Code: https://github.com/comosedice2012/XOR-Decode-Strings-Ghidra-Plugin/blob/main/deobfuscate_ghidra_strings.py
Original sample and DLL: https://github.com/jstrosch/XOR-Decode-Strings-IDA-Plugin
Analysis on Youtube: https://youtu.be/un8I6dfuDVQ

Below is a sample of the obfuscated string pattern. The function called to deobfuscate the strings is FUN_10001210, and takes three arguments – the size of the string to decode, the key, and the obfuscated string, in that order.

Function FUN_10001210 allocates memory for the deobfuscated string using LocalAlloc and a loop. The loop takes each letter of the key and XORs with the obfuscated string. If the string is longer that the key, it uses modulo division to repeat back over the key and continue until the string is fully deobfuscated.

Finally, the pointer to the allocated memory that contains the deobfuscated string is returned and assigned to a global variable. The default behavior for this plug-in is to add the deobfuscated string value as a comment next to the assignment.

The first step to writing a plug-in is becoming familiar with the methods the Ghidra API provides. There is less information in Google searches about the Ghidra API compared to the IDA API, so your best bet is to read the Ghidra help docs. This particular page shows some of the methods used in this Python script:
https://ghidra.re/ghidra_docs/api/ghidra/program/database/references/ReferenceDBManager.html

Let’s get an overview of the code. For this example we know the obfuscated strings are pushed on the stack and used by a function to return the deobfuscated string. Therefore, if we iterate through all the cross referenced addresses to this function, we can get the values of our three variables, which are needed by the function do deobfuscate the strings, that are pushed on the stack before the function call.

We get the address of each cross reference, than go to the previous instruction and get the “obfuscated string”. We repeat this two more times to get the “key”, and the “string size” values. We make use of two other functions. The first, get_string(), is used to get the “obfuscated string” and the “key” strings. We do this by copying one byte at a time into an empty string, using the address and string size.

The other function, decode(), XORs the obfuscated string with the key, and uses modulo math to make sure we don’t go off the end of the string into other memory.

Lastly, you need to print the string as a comment using the methods from the Ghidra API.

This is what the disassembly looks like after using the new plug-in.

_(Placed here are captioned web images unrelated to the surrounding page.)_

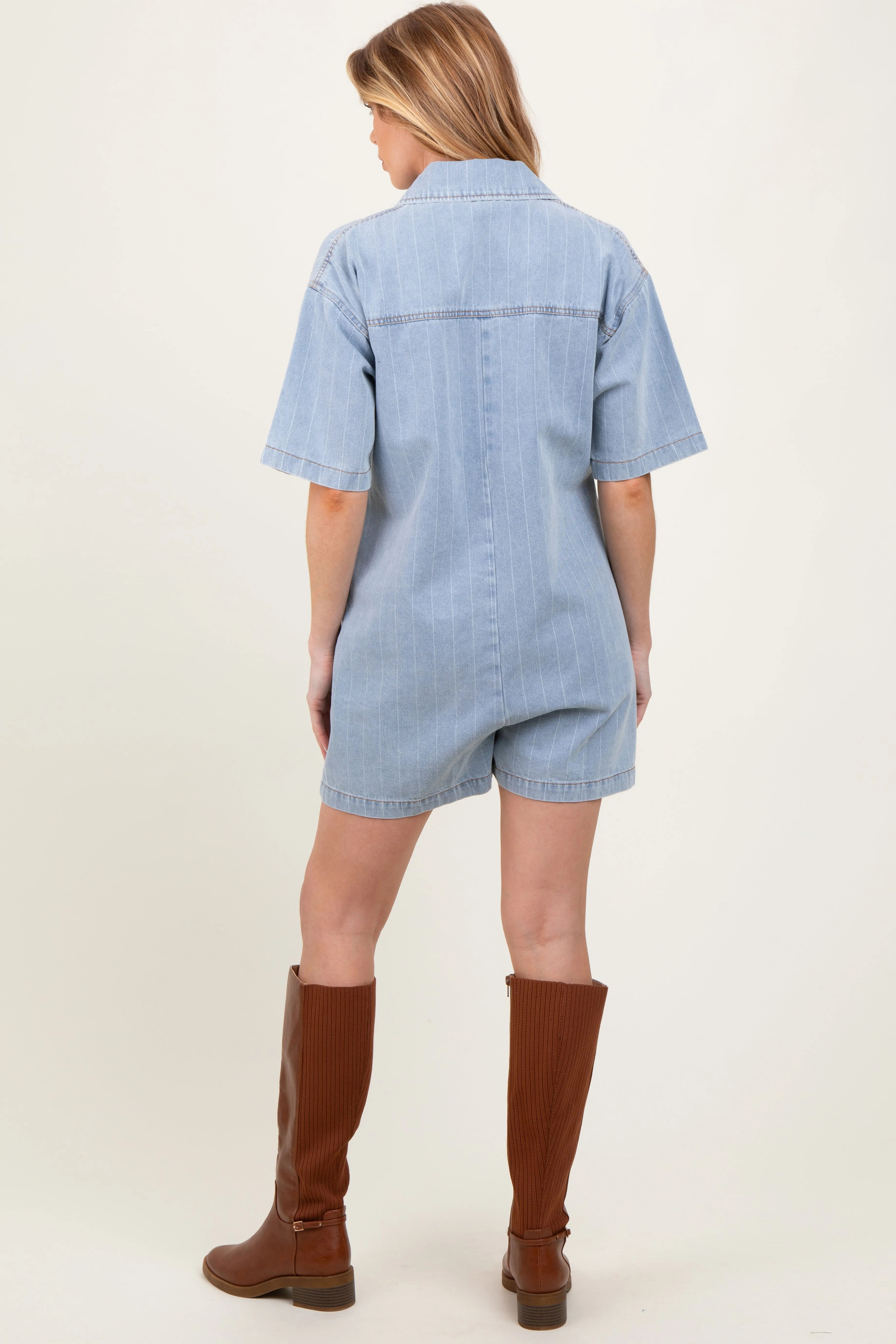 Blue Denim Striped Short Sleeve Maternity Romper sold by Pinkblush product image thumbnail 4
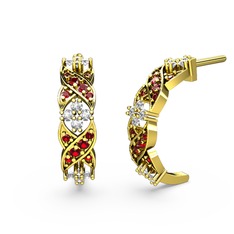 Garnet ve beyaz zirkon 18 ayar altın küpe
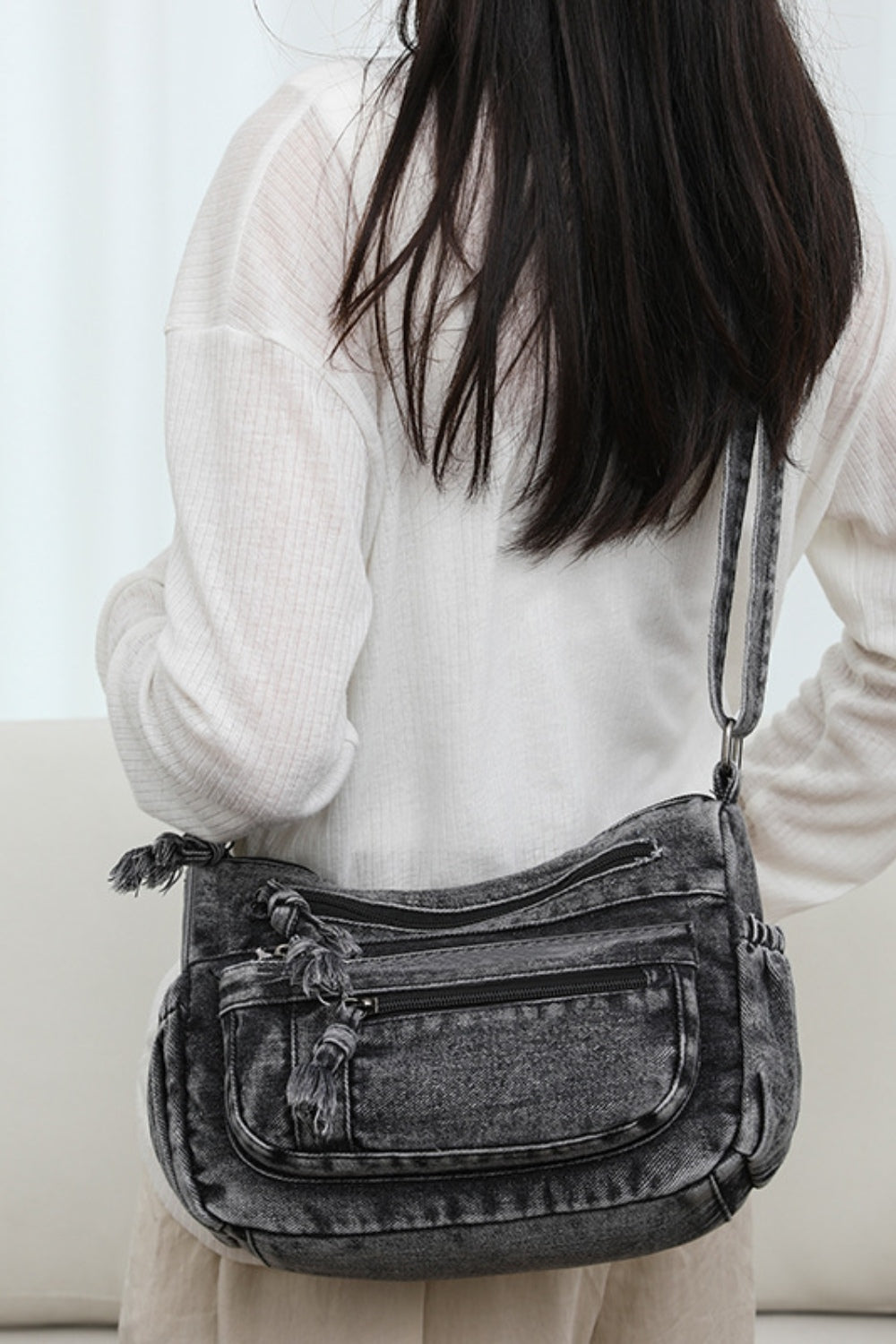 Adjustable Strap Denim Crossbody Bag 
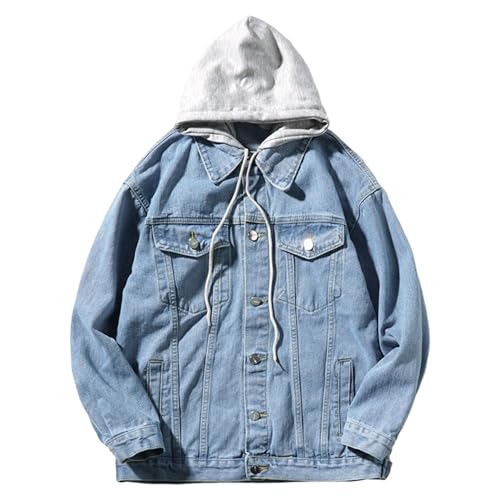 Chaqueta de mezclilla para hombre con capucha casual miniatura 4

I read a great piece of advice regarding reverse engineering/malware analysis:
“If you find yourself doing the same task more than twice, find a way to automate it”.
Learning how to write scripts like this may take time initially, but it will pay off in the long run. Hopefully this demo will get your toes wet. Good luck!

Note:
This plug-in is not intended to decode all XOR obfuscated strings, but serves as a starting point to implement the logic you encounter and deobfuscate those strings.